Let’s explain some concepts

At the beginning, we should clarify a few concepts:

Continuous Delivery

is a software engineering approach in which teams produce software in short cycles, ensuring that the software can be reliably released at any time and, when releasing the software, without doing so manually. It aims at building, testing, and releasing software with greater speed and frequency. The approach helps reduce the cost, time, and risk of delivering changes by allowing for more incremental updates to applications in production. A straightforward and repeatable deployment process is important for continuous delivery.1

This is a good definition. To talk about CD at all, you need to realize that there is no such thing as a CD without tests, which are actually a safety switch plugged in and they really determine the quality of the product that goes to the customer. Nobody can afford to have software with errors delivered to the market. Quick tests, CI linked together, operating on the principle of a feedback loop, allow for:

• catching errors, thus taking care of quality
• a quick view of the whole situation
• they allow you to make decisions very quickly ship it/stop
• fail fast principle

These 4 things allow you to quickly assess the situation, use hot fixes, fixes, in other words, we know what, how and when to deliver. Take the controll …

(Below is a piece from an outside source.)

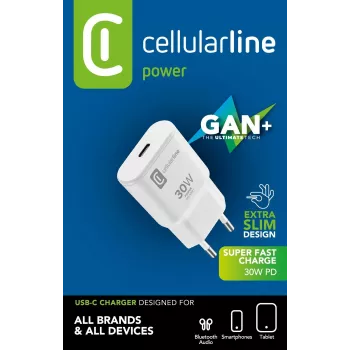 Cellularline GAN nástenná nabíjačka USB-C 30W PD USB-C 30W PD nástenná nabíjačka s technológiou GaN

Of course, we are not there yet, but that is the goal. There is no reason not to achieve this!

Sprint

Scrum Sprint is a repeatable fixed time-box during which a “Done” product of the highest possible value is created. Sprint lies at the core of the Sprint agile methodology and can be thought of as an event which wraps all other Scrum events like Daily Scrums, Scrum Review and Sprint Retrospective. Like all of scrum events, Sprint also has a maximum duration. Usually, a Sprint lasts for one month or less.2

Existing situation

• there was no ant autonated mechanism to relese, moust of the relese process was perfom manually
• sprint were two weeks each
• there was no test process build on side, most testing was performed after deliver the release to prodyuct owner
• there was no test environments only some at hock testing bay the way if needed
• no build process, some build on developer machine - low haredware resources
• no static checks, no dynamic analysis applayed for build process

2 weeks is too long

In the past a was working for a wide rrange of the companies. Some of them still this day usess woterfall methodology, but huge percent of this range work agile. Ane here we have some word calld as sprint. If you are fast enoutgh … ok I just joking. Back to the point. Some of tohous companies work in 6 weeke schedule, some of them 4 or 3. But in this case we have only 2 weeks periode to deliver new release version to the market. Should users get the release version earlier?

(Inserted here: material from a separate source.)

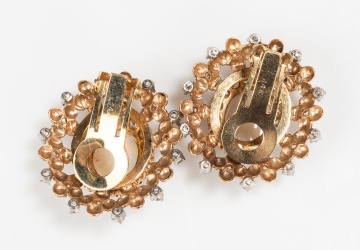Pair of 14K Gold, Opal and Diamond Earclips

In our case, our two-week period is not enough.

1. working with users around the world where every delay or shortage is immediately visible
2. two-week sprints are shorter that it appears, you shoudl ask why …
3. manual regresion testing gets more and more harder to maintaing, espescially when more and more functionallities are delivered
4. technical debt nd QA debt are visible at first glance
5. the difficult situation and the stress accompanying the entire project, unfortunately, can lead to burnout

So as you see we must to do somthing about it. Fail-fast …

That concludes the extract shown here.